Monday, June 22, 2015

OMB Policy Statement: Pain Management

The following is the Policy Statement Pain Management created by the Oregon Medical Board (OMB).  The OMB licenses doctors in Oregon.

"Pain Management
The OMB urges the skillful use of effective pain control for all patients.  It is important for providers to be well-informed on relevant pain management techniques and hone their skills for the optimal treatment of their patients, taking into account the etiology of the pain.  Types of pain include, but are not limited to, acute post-operative or traumatic pain, chronic non-cancer pain, chronic pain caused by malignancies and pain associated with terminal illness.  Providers are encouraged to treat pain within the scope of their practice and refer patients to the appropriate specialists when indicated.

Acute Pain

Effective treatment of acute pain promotes recovery and return to normal function.  The potential for addiction is low when short courses of opioids are used to treat acute pain and discontinued as the patient recovers.  Inadequately managed acute pain may result in chronic pain.  Patients who are not recovering as expected must be carefully assessed.
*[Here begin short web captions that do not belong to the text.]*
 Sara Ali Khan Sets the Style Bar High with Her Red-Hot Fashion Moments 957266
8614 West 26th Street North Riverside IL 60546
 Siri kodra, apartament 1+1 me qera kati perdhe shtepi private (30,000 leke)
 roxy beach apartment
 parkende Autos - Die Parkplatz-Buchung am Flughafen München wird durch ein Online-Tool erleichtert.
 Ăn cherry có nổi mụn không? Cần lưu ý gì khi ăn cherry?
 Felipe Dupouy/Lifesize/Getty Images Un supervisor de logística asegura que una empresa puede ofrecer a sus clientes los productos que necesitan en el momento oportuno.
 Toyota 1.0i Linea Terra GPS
Skillful pain management techniques including oral, parenteral and, when available, regional pain management techniques, can achieve maximum patient comfort and may reduce the need for opioids.

Chronic Pain

Patients with chronic pain require complex care and treatment decisions for multi-faceted problems. Providers have a responsibility to diagnose and manage chronic pain while maximizing the benefits and minimizing the potential adverse effects of treatment.  Opioids are not always required or effective for the treatment of chronic pain, and they should be discontinued if the patient’s pain control or function does not improve with their use.

Pain management treatment must be evidence-based and individualized to the patient. Oregon statute protects providers from disciplinary action by the Board when prescribing or administering controlled substances as part of a treatment plan for pain with the goal of controlling the patient’s pain for the duration of the pain.  However, prescribing controlled substances without a legitimate medical purpose is prohibited.
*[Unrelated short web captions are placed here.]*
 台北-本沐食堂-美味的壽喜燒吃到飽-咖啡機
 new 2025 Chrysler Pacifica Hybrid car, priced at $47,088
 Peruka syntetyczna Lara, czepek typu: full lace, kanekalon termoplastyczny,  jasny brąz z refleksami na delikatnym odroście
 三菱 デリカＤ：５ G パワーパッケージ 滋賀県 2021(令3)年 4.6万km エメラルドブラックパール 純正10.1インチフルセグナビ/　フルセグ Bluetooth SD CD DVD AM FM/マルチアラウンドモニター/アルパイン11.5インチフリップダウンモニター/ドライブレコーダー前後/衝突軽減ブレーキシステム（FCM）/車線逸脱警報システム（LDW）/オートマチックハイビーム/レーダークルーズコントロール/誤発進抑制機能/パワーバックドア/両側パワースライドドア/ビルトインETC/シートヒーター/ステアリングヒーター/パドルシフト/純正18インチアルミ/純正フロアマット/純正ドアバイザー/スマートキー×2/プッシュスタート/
Patient safety should be a key factor in determining a treatment plan for pain management.  When the provider prescribes opioids as part of the treatment plan, the provider must consider drug safety, efficacy and treatment goals for the patient.  Safe opioid prescribing requires knowledge of the pharmacology of various opioid classes, and of potential drug interactions.  Opioids are most likely to be successful in reducing pain and restoring function when they are combined with other pain management approaches such as physical therapy and psychological techniques.

When prescribing opioids for chronic pain, Oregon law requires practitioners to provide careful assessment and documentation of the medical condition causing pain as well as co-morbid medical and mental health conditions.  Goals for treatment should be established with the patient before prescribing opioids. The provider’s assessment, diagnosis and discussion must be documented in the patient record.  The diagnosis, drugs used, goals, alternatives, and side effects must be included in a signed document demonstrating consent and understanding of the treatment plan and its risks.  A sample document may be found here​.   In addition to the signed informed consent document, a written patient-provider agreement is recommended for patients requiring opioids for chronic pain. In all cases of pain management, practitioners should maintain records to track prescriptions and coordinate care with other treating practitioners.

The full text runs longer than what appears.